Anggota Polisi yang melakukan penembakan itu, sepertinya tidak memahami secara detil tentang penggunaan senjata api sesuai Perkapolri 08/2009 tentang Implementasi Prinsip dan standar Hak Asasi Manusia dalam Penyelenggaraan Tugas Kepolisian RI. Di Perkapolri ini, jelas diatur bahwa senjata api hanya digunakan dalam keadaan terpaksa dan untuk mencegah, menahan dan/atau menghentikan suatu kejahatan.

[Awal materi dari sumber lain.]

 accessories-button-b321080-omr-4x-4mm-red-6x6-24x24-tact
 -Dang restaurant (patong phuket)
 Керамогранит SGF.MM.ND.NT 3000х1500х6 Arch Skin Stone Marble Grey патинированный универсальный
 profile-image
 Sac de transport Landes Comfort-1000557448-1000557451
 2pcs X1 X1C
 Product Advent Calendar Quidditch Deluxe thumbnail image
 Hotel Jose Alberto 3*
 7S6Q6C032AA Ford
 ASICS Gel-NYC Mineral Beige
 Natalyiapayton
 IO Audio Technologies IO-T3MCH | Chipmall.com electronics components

Herman sudah terkapar di aspal, terhenti dari tindakan apa pun dan tidak mengancam siapa pun, eh, malah “dihajar” lagi dengan peluru sampai kepalanya tersungkur di aspal.

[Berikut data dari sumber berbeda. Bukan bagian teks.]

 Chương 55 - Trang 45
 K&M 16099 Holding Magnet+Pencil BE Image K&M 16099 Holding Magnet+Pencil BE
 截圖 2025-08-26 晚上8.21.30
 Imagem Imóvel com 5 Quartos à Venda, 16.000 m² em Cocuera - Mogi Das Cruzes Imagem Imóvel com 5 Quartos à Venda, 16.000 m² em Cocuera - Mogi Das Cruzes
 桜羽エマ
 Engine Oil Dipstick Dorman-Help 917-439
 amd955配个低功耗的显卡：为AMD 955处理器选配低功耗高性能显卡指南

Di dalam Perkapolri 01/2009 tentang Penggunaan Kekuatan dalam Tindakan Kepolisian, pun diatur soal senjata api boleh digunakan bila dalam kondisi sangat terpaksa. Itu artinya, senjata api tindakan paling akhir dan situasinya sudah sangat memaksa dan betul-betul darurat.
Kini, setelah semuanya bergulir, yang perlu menjadi fokus perhatian dan perlu dilakukan pengawalan adalah, pemeriksaan Div. Propam POLDA Jatim terhadap Anggota Polres Sumenep yang terkonfirmasi melakukan penembakan terhadap Herman itu. Kepolisian harus transparan dalam menjelaskan hasil pemeriksaan terhadap anggotanya tersebut.
Saya rasa, polisi yang melakukan penembakan, utamanya atas penembakan setelah Herman terkapar di atas aspal, harus diseriusi. Sebab, hal itu, menurut saya, bukanlah pencegahan dengan melumpuhkan terduga pelaku kejahatan, tapi tindakan yang dapat saya duga sebagai upaya pembunuhan terhadap Herman yang diduga begal.
Hukum harus betul-betul ditegakkan walaupun langit runtuh. Memang, menegakkan hukum terhadap anggota sendiri tidak mudah, tapi harus dilakukan untuk pelajaran ke khalayak publik, bahwa hukum di republik ini berlaku untuk semua, tidak hanya untuk rakyat jelata dan lemah seperti Herman.